Rollback journal mode has a few significant limitations. For one, it locks the database during writes, which can lead to worse read performance. Additionally, once a transaction is committed in rollback mode, the rollback journal is deleted, adding some overhead to the operation.

To manually set your SQLite database to rollback mode, use the following command:

PRAGMA journal_mode=DELETE;

Journal Mode: Write-Ahead Logging (WAL)

Write-Ahead Logging (WAL) mode is the most sophisticated journaling method in SQLite. It significantly enhances database read and write performance, especially in environments with high concurrency or where reads are more common than writes. Unlike traditional rollback journal modes that lock the entire database for writing, WAL allows reads and writes to proceed concurrently, eliminating a huge bottleneck.

In WAL mode, changes to the database are first written to a separate WAL file, not directly to the database file. This file records all changes to be made to the database as a continuous log. Only after a checkpoint operation, which occurs automatically or can be triggered manually, are these changes propagated from the WAL file to the main database file.

WAL mode requires careful tuning of the checkpoint frequency to balance between performance and disk space usage. The checkpoint operation, which merges changes from the WAL file into the main database file, is crucial for controlling the size of the WAL file and ensuring data is permanently written to the main database. One benefit of checkpointing over the default journal mode is that it batches writes from the journal to your database file, lowering the overhead on a per-transaction basis.

For web applications, concurrency and high availability are non-negotiable, which makes WAL mode the best option for production applications.

To set your SQLite database to WAL mode, you can run the following command:

PRAGMA journal_mode=WAL;

Journal Modes: Everything Else

While rollback and WAL are the most common journal mode choices, there are a few others that may be useful in specific situations.


In truncate mode, instead of deleting the journal file at the end of each transaction, SQLite truncates it to zero length. The journal file itself remains in existence on the disk but with no content after the transaction completes. This approach is primarily used to minimize the file system overhead involved in deleting and recreating files.

In environments where the file deletion operation is expensive or slow, truncating a file may be faster than deleting and recreating it. But on modern file systems or SSDs where deletion is highly optimized, the benefits of truncate mode may be less significant. You’ll see some performance gains over delete mode, but there are better options available.


In persist mode, when a transaction is completed, SQLite does not delete the journal file. Instead, it leaves the file on the disk but marks its contents as inactive. This means the file remains intact but is effectively empty as far as SQLite is concerned, until it is needed again for another transaction.

For applications where transactions are frequent and closely spaced in time, persist mode can reduce the overhead associated with file operations. Since the journal file is not deleted but merely marked inactive, it can be quickly reactivated for a new transaction without needing to undergo the filesystem operations associated with file creation.

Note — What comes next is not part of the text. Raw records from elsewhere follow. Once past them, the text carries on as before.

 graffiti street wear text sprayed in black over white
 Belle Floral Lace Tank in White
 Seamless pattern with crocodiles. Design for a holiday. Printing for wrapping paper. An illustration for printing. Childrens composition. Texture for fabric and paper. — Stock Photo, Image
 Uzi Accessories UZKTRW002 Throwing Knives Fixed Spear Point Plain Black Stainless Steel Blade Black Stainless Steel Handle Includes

In memory mode, SQLite maintains the journal entirely in RAM. This approach means that any changes that are part of a transaction are recorded in volatile memory. As a result, this mode provides the highest possible performance for transactions because it avoids disk latency completely.

This mode significantly speeds up transactions by eliminating I/O operations associated with disk access for journaling purposes, but it comes with trade-offs regarding durability and crash recovery.

This mode is best suited for development or testing environments.


In off mode, there is no journal to assist with recovery/rollback, and transactions are no longer atomic. While this leads to the fastest possible IO performance, it should not be used in a production environment.

Wrapping up

We hope you now have a solid understanding of the different journal modes available to you in your SQLite environment. At SQLite Cloud, our databases are set to WAL mode for maximum durability and performance.